Page 9 of Hamilton Stark


  Your father hated cats. I won’t tell you about how one time he killed a whole litter of kittens. It was horrible.

  Your father cheated at cards. Even bridge.

  Your father stole government property.

  Your father lied about his taxes. He also told strangers that he made more money than he really did make. Sometimes he even told them he was making money on the side by playing the stock market, betting on the horses, betting on dogs, winning sports pools, bowling. He had me believing (until I had my lawyer check it out later) that he owned a lot of real estate in New Hampshire. “Half the side of a mountain,” was how he put it, but my lawyer told me that your father’s parents owned an old rundown farm, and your father owned nothing.

  Your father thought all flowers were ugly, though he once admitted he liked blue hydrangeas. “Mainly because they don’t look like they’re real,” he explained to me.

  Your father didn’t know how to swim. He said it was on principle, but of course it was because he didn’t want to be in a position of having to learn something that most people already knew about.

  Your father didn’t know how to ride a bicycle, either, and that too he said was on principle. I could never understand that.

  Your father hated people of all races, creeds, and colors. He was an extremely prejudiced man, the worst I have ever known, even after living my whole life in the South. He would make fun of a person’s background, no matter what it was. “Stupid Polacks.” “Grabby Jews.” “Dumb niggers.” “Drunken Indians.” “Thick-headed Irishers.” He hated them all—even what he himself was, which he referred to as “common white trash” or sometimes “snot-nosed Yankees” and “backwoods New Hampshire shit-kickers.” But whenever he used these terms, he somehow said them with a certain note of endearment. Somehow these slurs became affectionate nicknames. Not so for the others, though.

  Your father could play the saxophone well, but he only played it when he was alone or thought he was alone. He did not, as he claimed, play in the Guy Lombardo orchestra. He often referred to himself as “one of Guy’s Royal Canadians” when people asked him about his saxophone, which he displayed ostentatiously on the coffee table in the living room of our apartment.

  Your father had a smile that people loved, and when, because of their love for his smile, they got close to him, he stopped smiling and never allowed it to be seen again. I cannot recall his smiling at me after we were married, and actually, I can’t recall his smiling at me from the moment I told him that I was falling in love with him, which happened the fourth time I went out with him. Of course I know he must have smiled at me then, many times. It’s just that I can’t recall it.

  Your father told wonderful jokes, but only to strangers. When he told jokes to people who were not strangers, the jokes were cruel and dark and only funny in a way that made you feel guilty if you laughed.

  Your father would sneer at old people on park benches as if they disgusted him.

  Your father kicked dogs and dared them to bite him for it.

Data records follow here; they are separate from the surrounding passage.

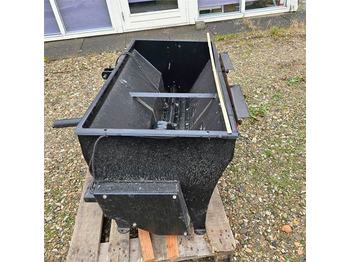 : фото в шапке страницы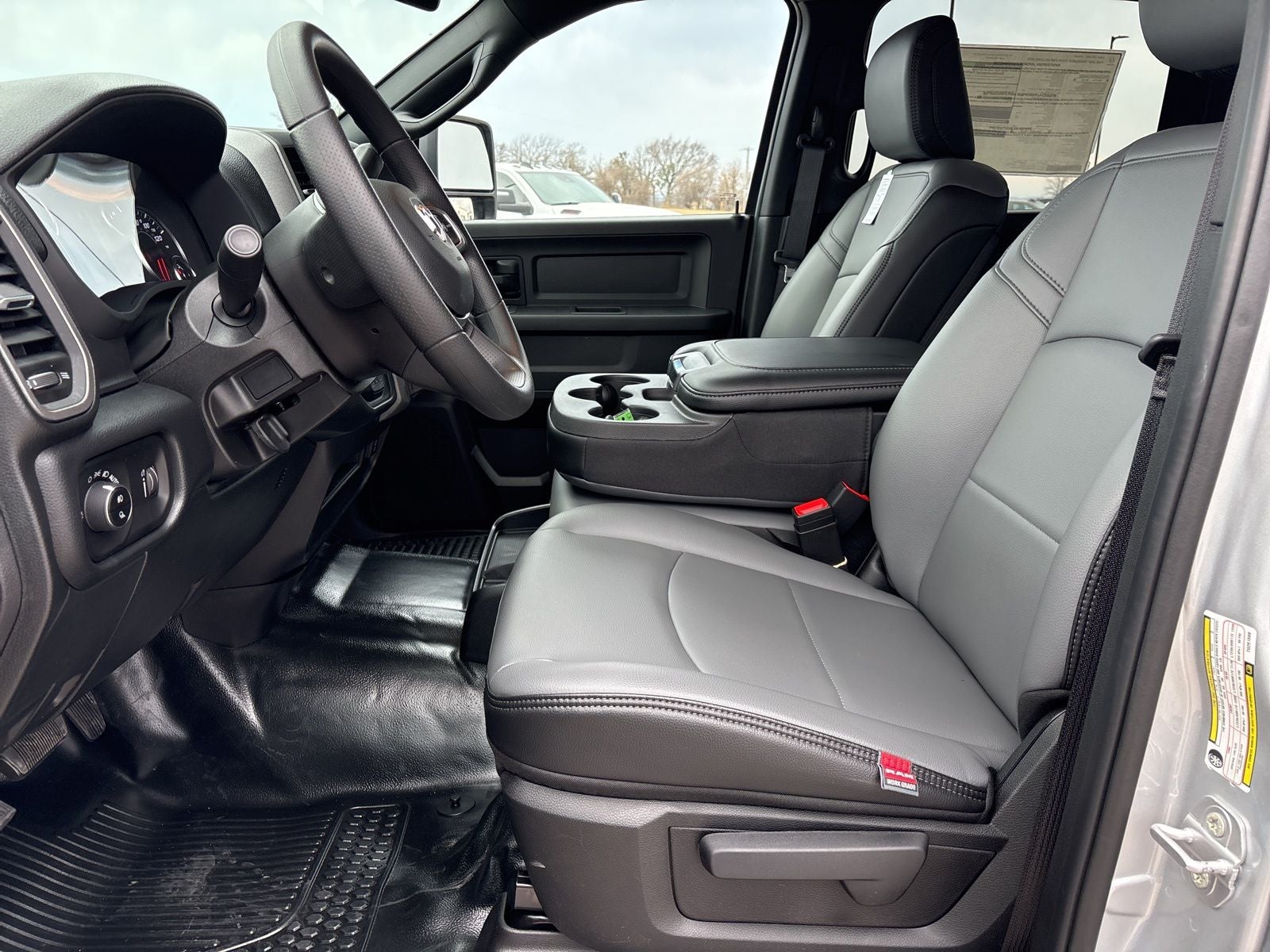 2026 RAM Ram 3500 RAM 3500 TRADESMAN CREW CAB 4X4 8' BOX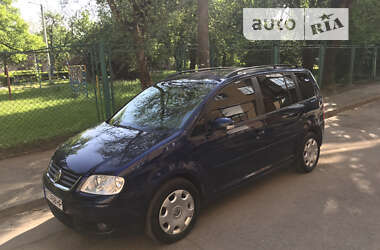 Минивэн Volkswagen Touran 2003 в 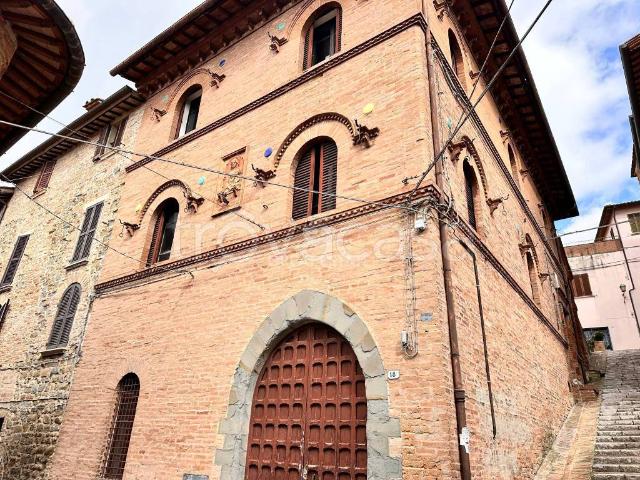 Palazzo in vendita a Deruta via dei Pittori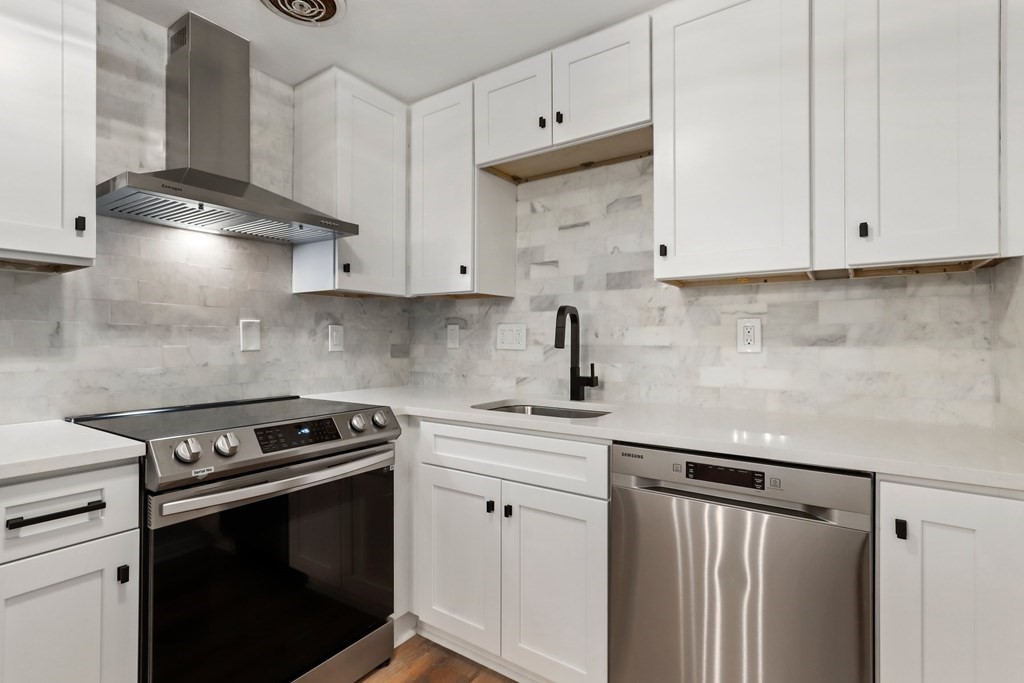 1325 Worcester Rd, Framingham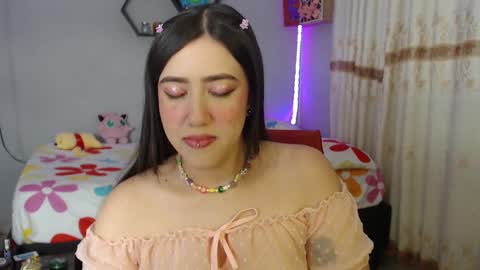 Snapshot of aurora_shy_ chatting on 01/18/25, 07:17 Aurora online show from 01/18/25, 07:17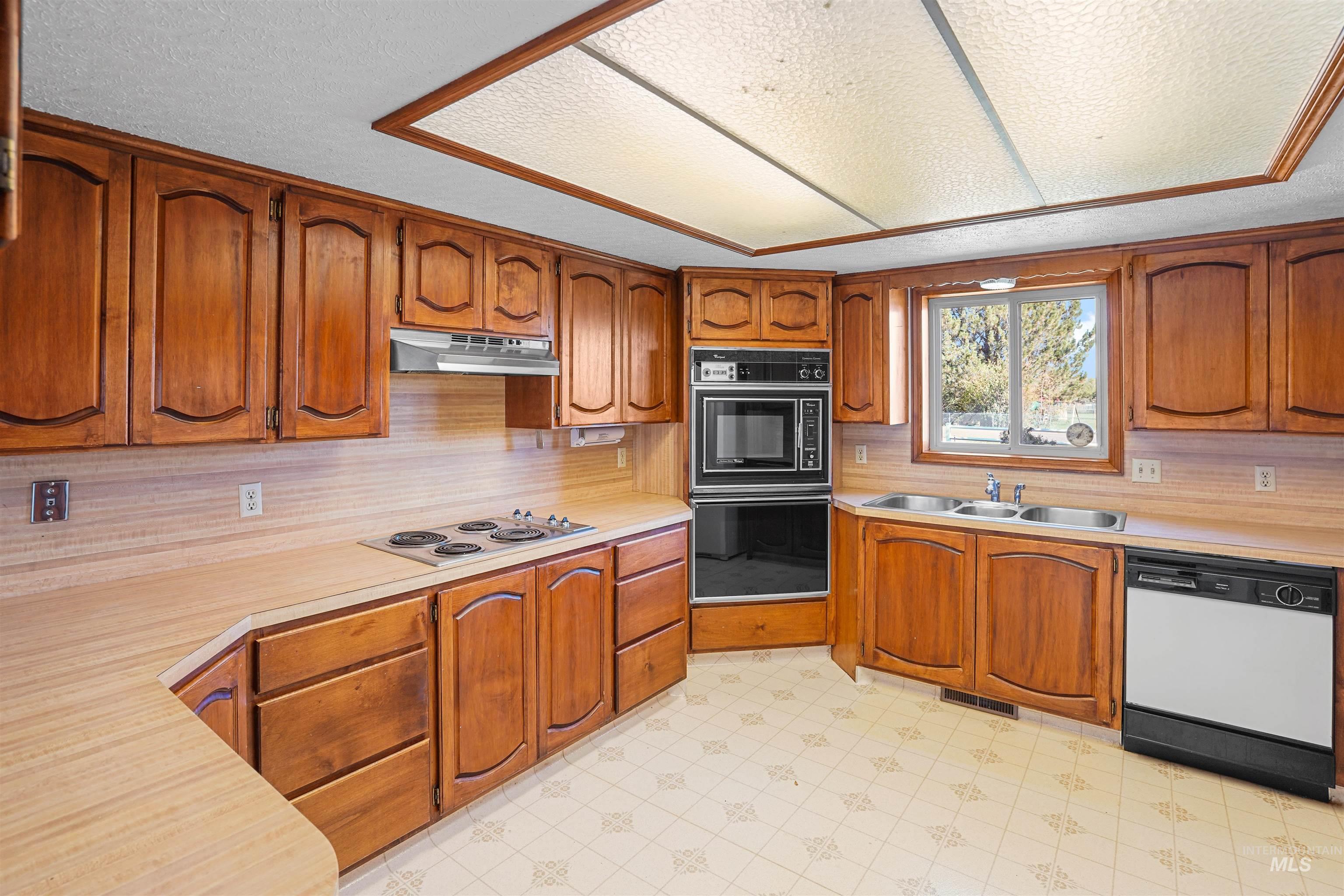 399 S 100 W Property Photo 7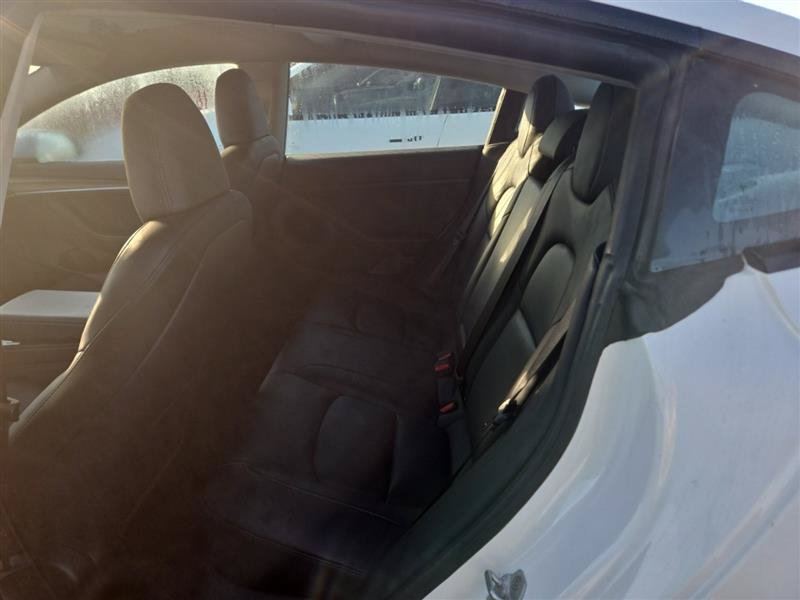 Used 2023 Tesla Model 3 Standard Range RWD image 5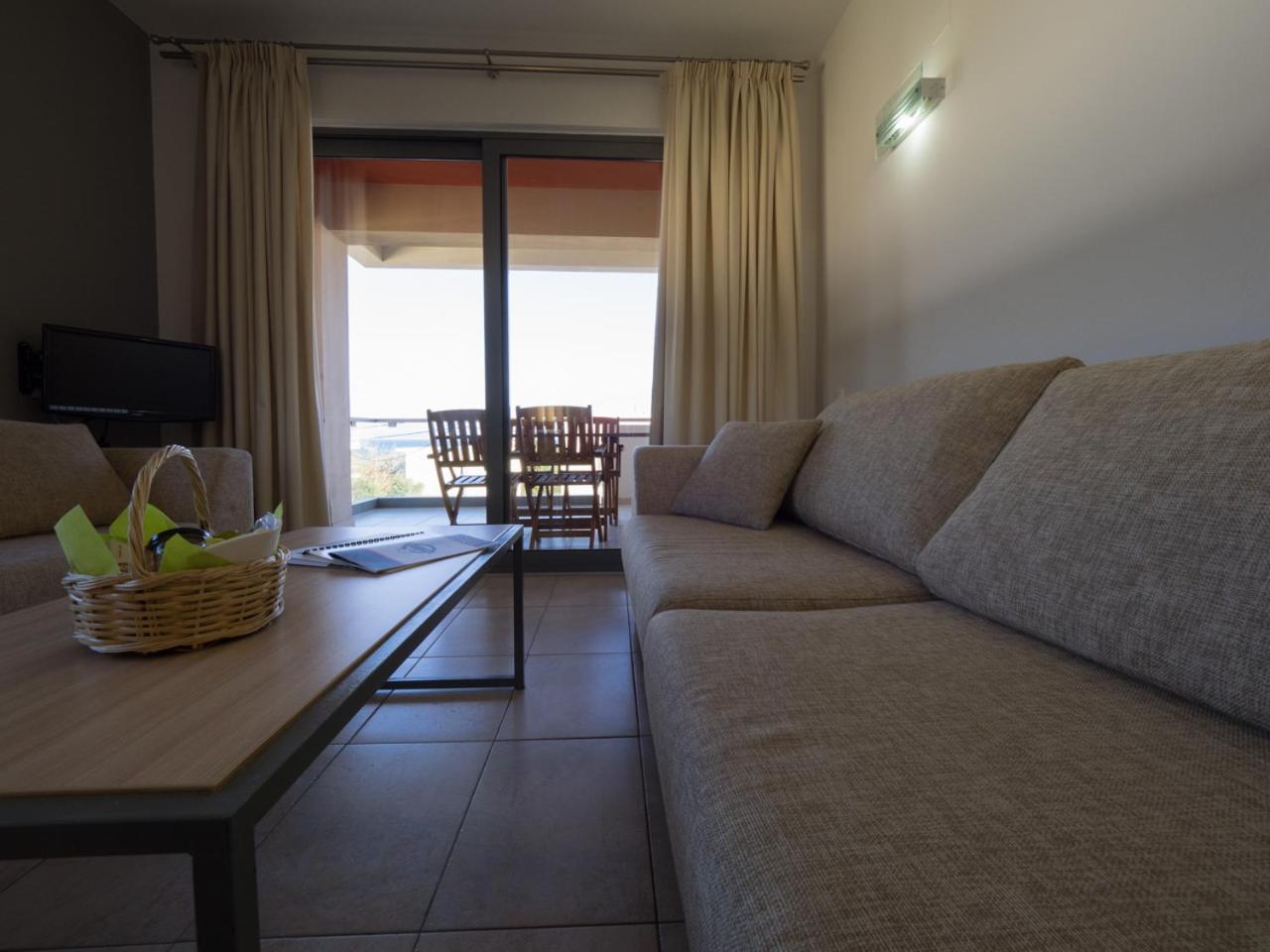 Almyra Hotel - Photo 10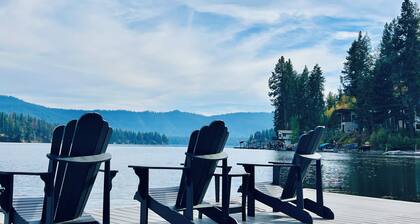 Family-friendly Lakefront Home w/Kayaks, Paddleboards & More-Close to Silverwood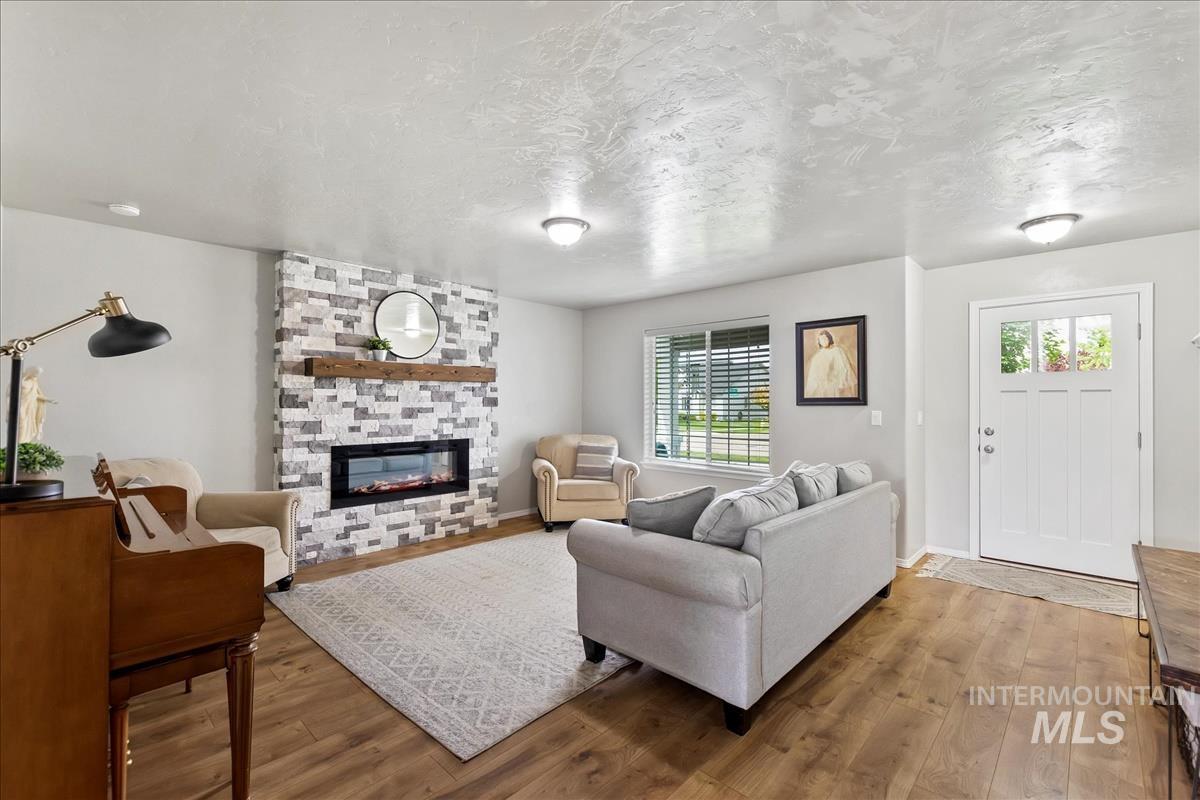 1015 E Cape Elizabeth Dr
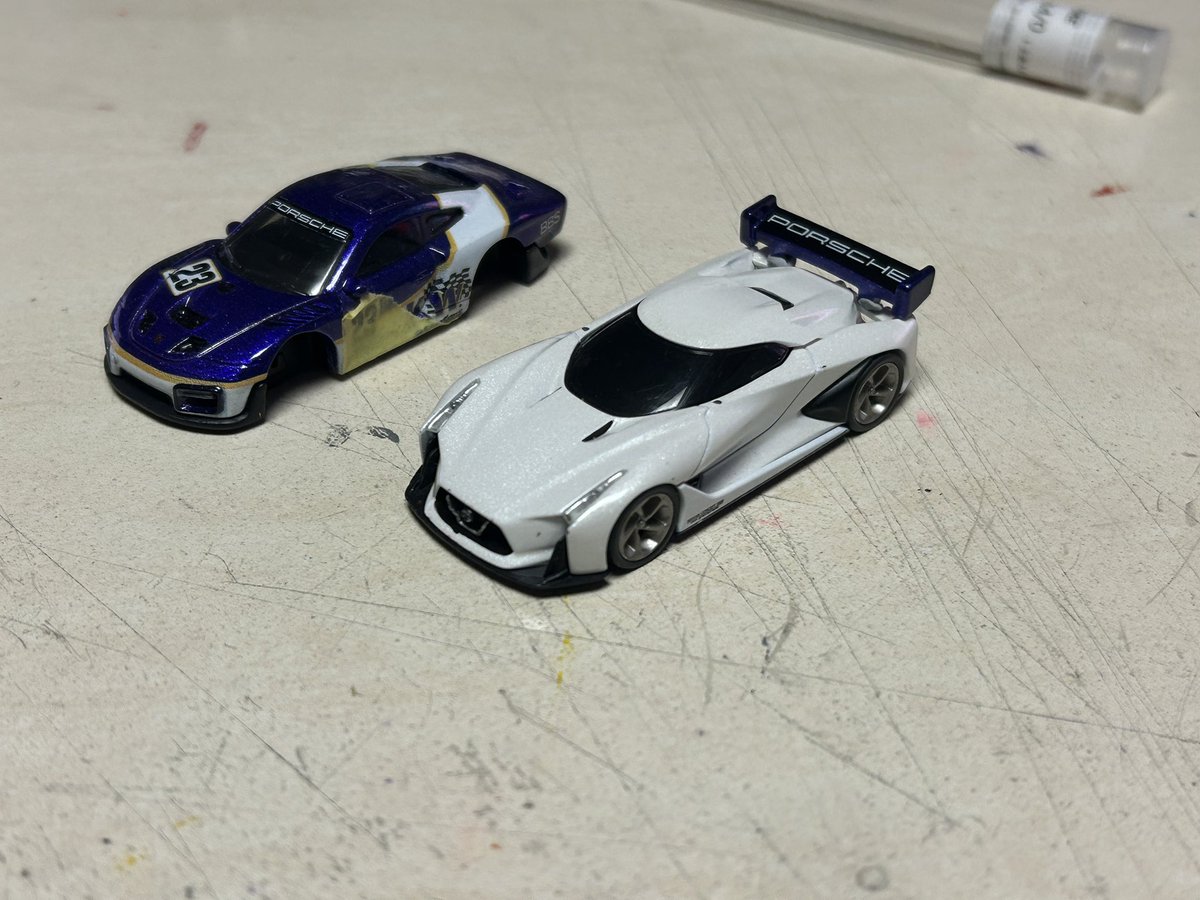 porschegmbh's tweet photo. #トミカ #NISSAN
リアスポを拝借👍バレへんバレへん🤣 https://t.co/4tTKOWUcez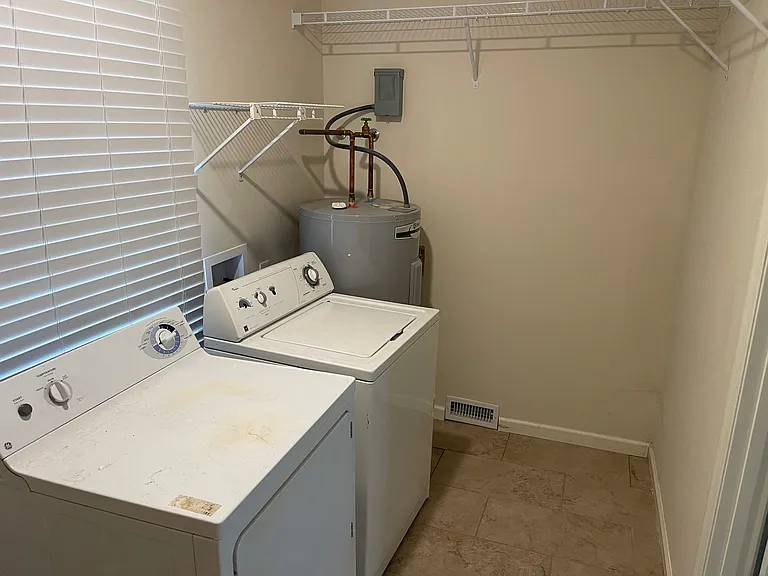 607 Floral St — Photo 15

  Your father was a jaywalker.

  Your father growled. Like an animal. At night, if a car drove up, or if someone knocked on the door, your father would start to growl, low and deep from way back in his throat.

  Your father often ate the same thing for lunch that he knew I was fixing for supper.

  Your father lied about having been a champion boxer. He was, however, a very good, that is, a successful, barroom brawler.

  Your father lied about having been a champion runner, though he did have very muscular legs and seemed never to be physically tired, so he probably could have been a champion runner if he had tried. But he never even tried.

  Your father thought he had killed his father, but he never confessed to having any guilt for it. He blamed it on his father. Otherwise, he never talked about it with me. I’d ask him to tell me about it and he’d say, “It was all my old man’s fault,” and then he’d roll over and go to sleep.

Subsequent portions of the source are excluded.